WHAT IS THE FUTURE PACKAGING?
"Embedded" is the buzzword reflecting many trends in device manufacturing. Electronics are being integrated into our daily lives more and more – and almost invisibly. To make this possible, smart electronics are being included in a whole range of products, and this tendency is on the rise. Many smart products, whether in IoT, Industry 4.0, or AAL, are then fitted into a digital ecosystem to guarantee us maximum flexibility in our daily lives. Examples of this include our ability to operate the appliances in our homes by speech, the simplification of ordering processes thanks to Dash buttons, and similar innovations. Furthermore, we find ourselves to be mere users of autonomous vehicles and place our lives in the hands of a number of sensors/actuators and a CPU. All of these uses illustrate clearly the manifold demands made of a simple device. However, the value-creation chains must also satisfy requirements with regard to efficiency, effectiveness, quality, and environmental awareness. This results in an ever further-reaching and deeper fusion of hardware and software. As early as the product idea stage, the enormous number of requirements presents developers and implementers with completely new challenges, as, even in a globalized world, the products are subject to the regulations of individual countries.
Wherever you look, and whatever area of electronics manufacturing you are in, the developments within IoT and Industry 4.0 affect everyone. At the EMS production locations, the establishment of wide-ranging networking with customers is beginning to crystallize as an important factor in securing orders. Service providers are included in the job chain as early as the development of new products in order to guarantee trouble-free scalability from the prototype to large-series production. The wide experience of the service providers is highly valued. There is, however, one shortcoming when it comes to the extensive digitalization of all process data. Experience cannot be digitalized as quickly as automation is marching forward. That gives operators a higher importance, as production systems can only be adapted gradually to real usage conditions. Here, a great deal of tact is required, as an extension of pure data capture will not, in itself, result in an improvement in the areas of quality, throughput, or efficiency. Only smart data mining promises new knowledge as well as the ability to achieve increases in production output.
The production line at SMT 2017 will continue to place its technical emphasis on the quickest possible adaptability of production systems to the products being manufactured. It will give a live demonstration of the ways in which individual machines and devices can adapt to the product. In addition, there will be a more intense discussion of communication between individual machines. The interaction between humans and systems on the one hand and the various software solutions in place on the other can be used to provide a realistic demonstration of the possibilities – as well as the advantages and disadvantages – offered to a production system by the deep integration of various hardware and software solutions.
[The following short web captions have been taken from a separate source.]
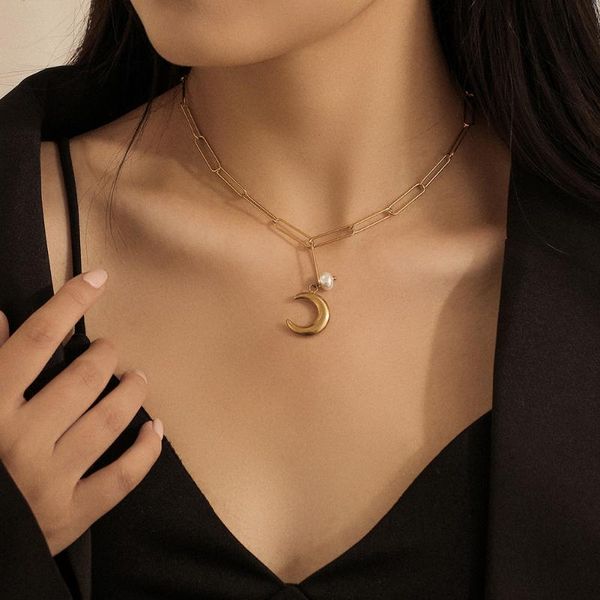 pendant necklaces wholesale bulk ins simple fashion imitation pearl moon necklace stainless steel gold jewelry women goth, Silver
pendant necklaces wholesale bulk ins simple fashion imitation pearl moon necklace stainless steel gold jewelry women goth, Silver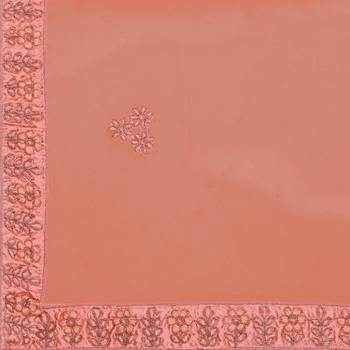 Women'S Peach Semi Stiched Embroidered Net Lehenga Choli 5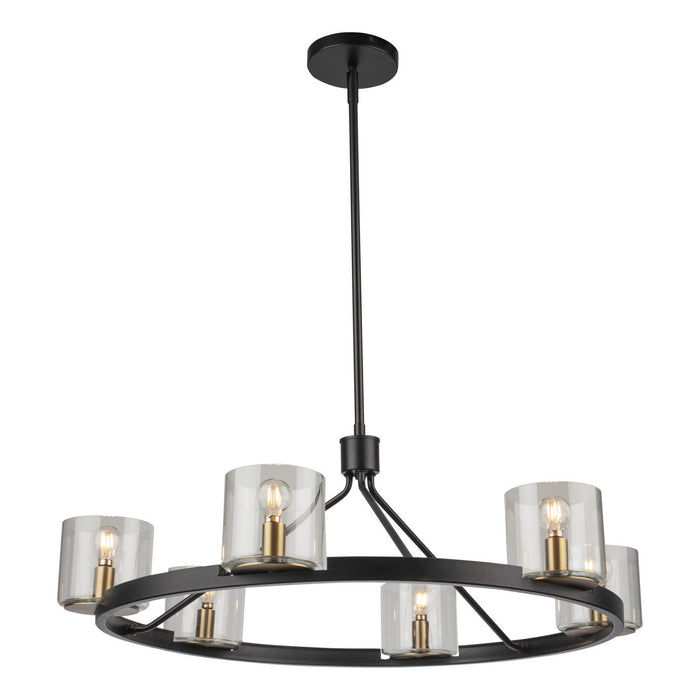 Artcraft AC11826BB Six Light Chandelier, Black and Brass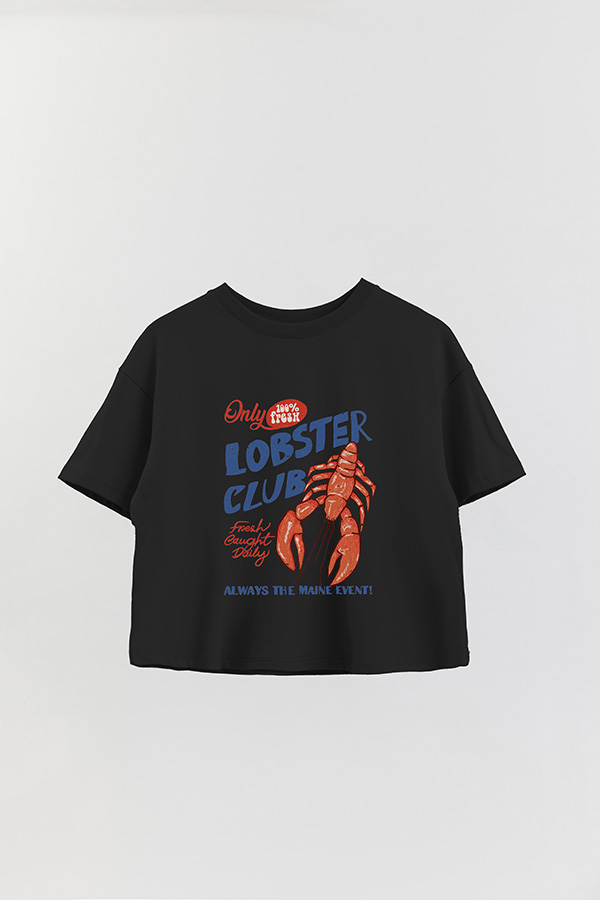 REMERA CROP ESTAMPADA SF ONLY LOBSTER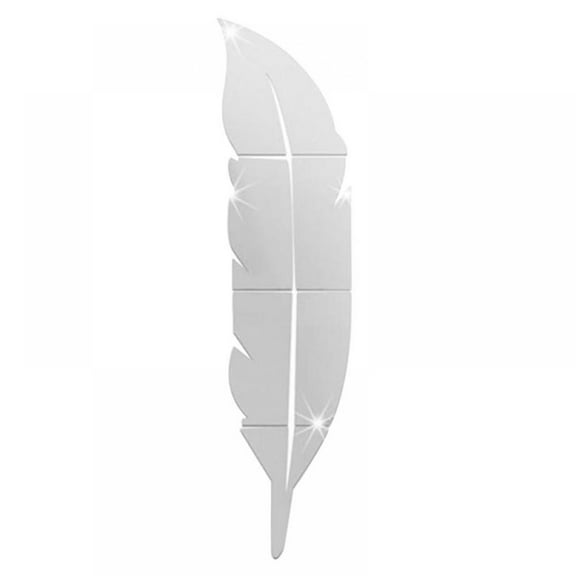 Balems 3D Mirror Wall Murals DIY Removable Art Decals Mural Acrylic Feather Shape Wall Stickers Living Room Office Decor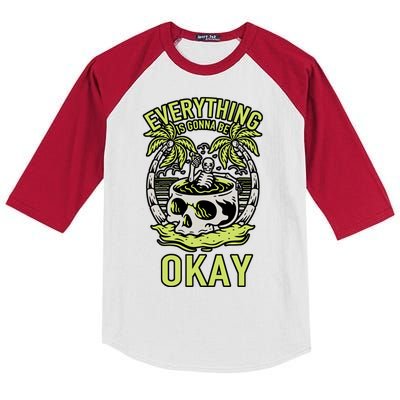 Everything Is Gonna Be Okay Kids Colorblock Raglan Jersey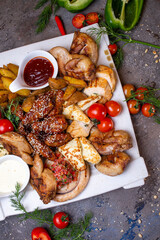 meat chicken platter, wings, baked chicken dish for the company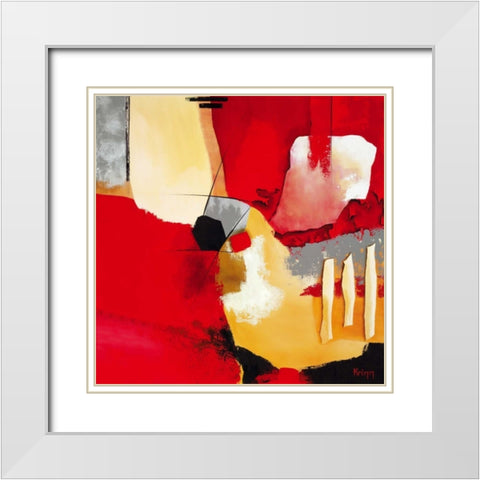 Red Composition I White Modern Wood Framed Art Print with Double Matting by Krimm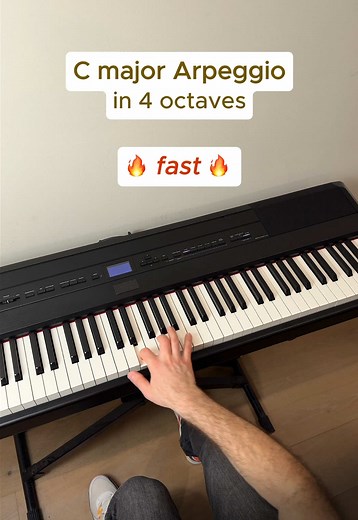 C major Arpeggio in 4 Octaves - fast🔥 #piano #pianolesson #pianotutorial #learnpiano #arpeggio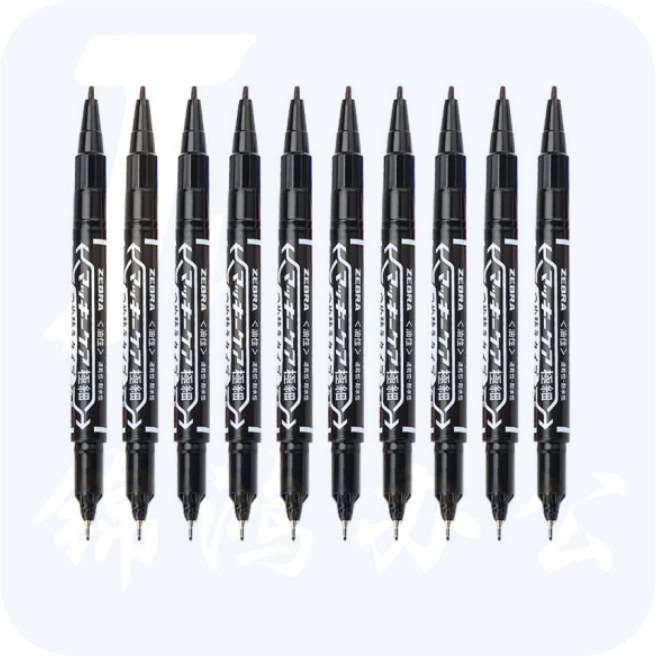 斑马 YYTS5 黑色 小双头记号笔 多用签字笔光盘笔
Trends will be highlighted and variants will be looked at to show the direction that various networking efforts are taking.
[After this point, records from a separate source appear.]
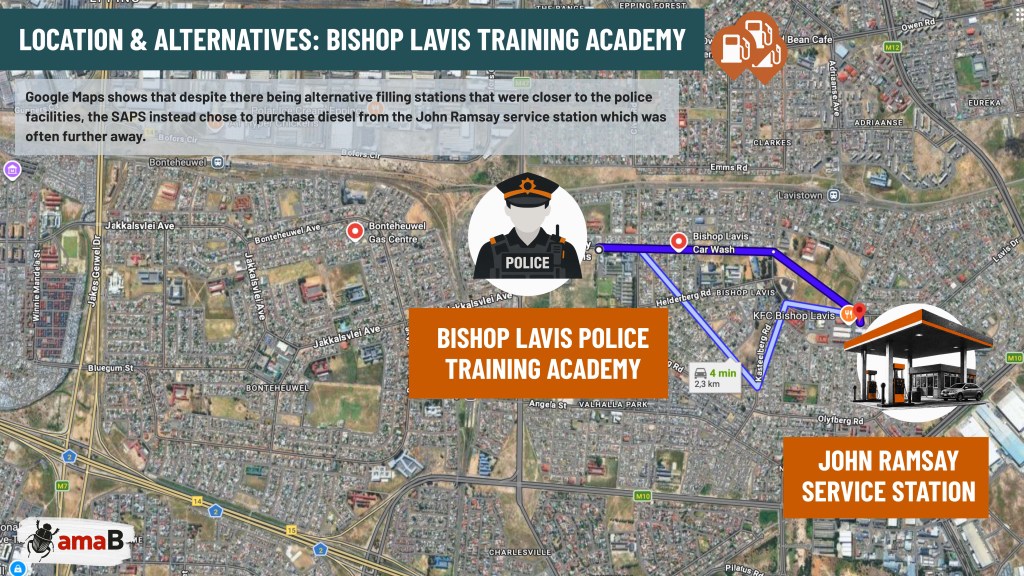 报道以Google Maps展示Bishop Lavis警察训练学院、John Ramsay加油站及其他加油站的位置。 / amaBhungane； ...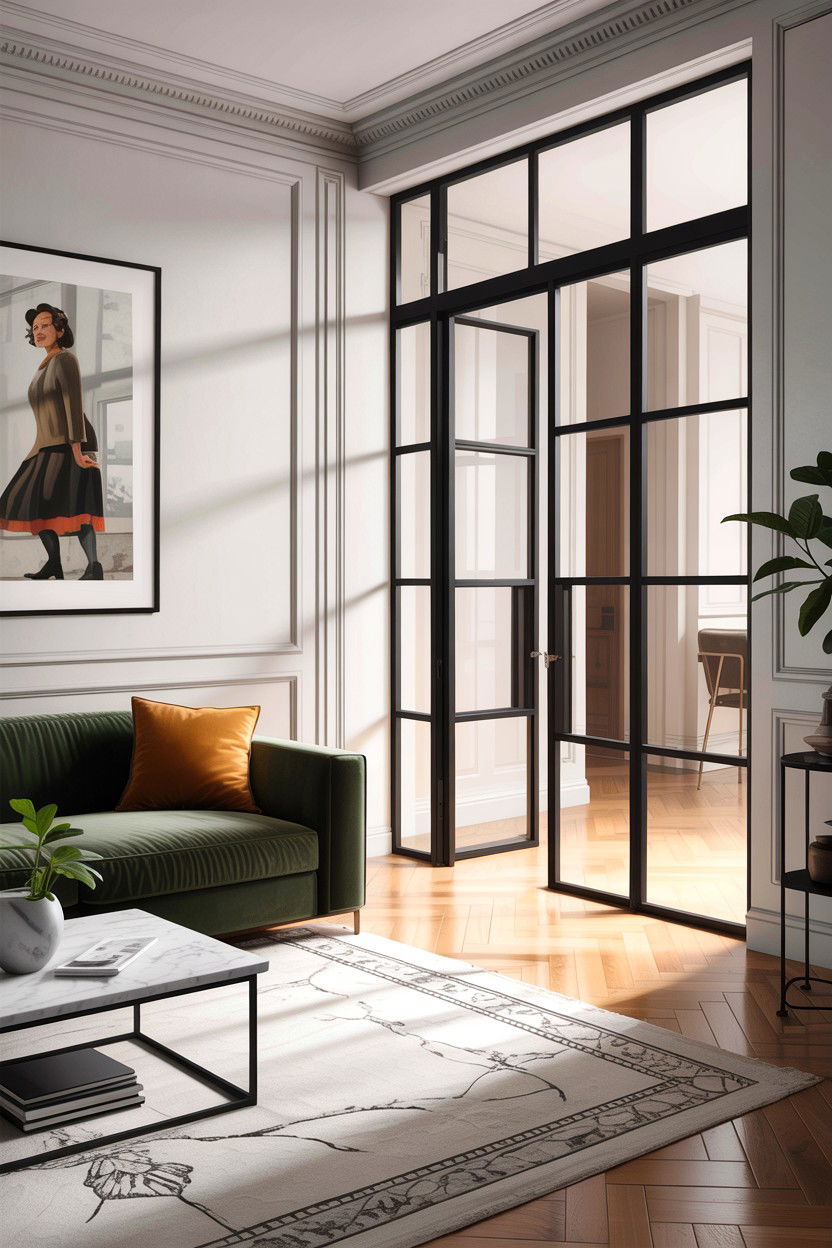 Black steel frame glass door - 30 living room glass doors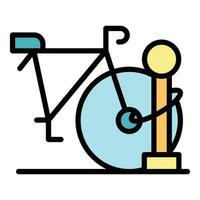 Bicycle parking lock icon vector flat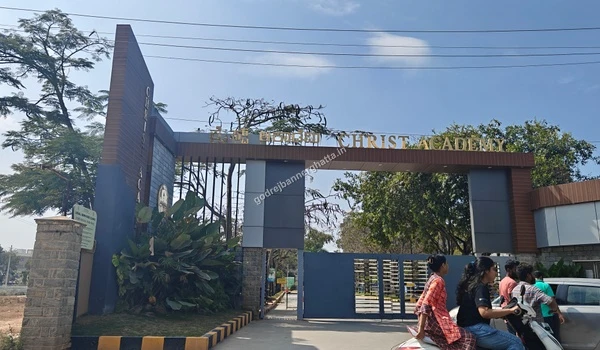 Grand entrance arch of Christ Academy located near the project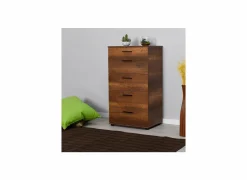 Ladekast Komodo 60x44x108cm - melamine - walnoot- Commode|Commode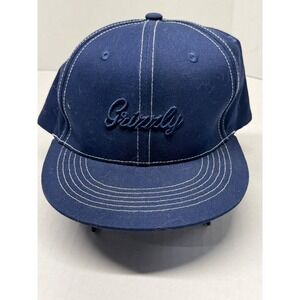 Grizzly Griptape Navy Blue Snapback Hat White Contrast Stitch Script Logo Hat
Some innovations will include presenting machines that are taking their first steps onto the market, but also demonstrating some of the recent evolutionary successes of established machine manufacturers.
In addition to the familiar line tours with commentary, at the 2017 event there will also be a comprehensive software demonstration. Special discussion will be dedicated to issues such as trouble-free software integration, expanded machine interaction, and smart data mining. Production, tracing, and reporting systems can be tested and examined at visitors’ leisure.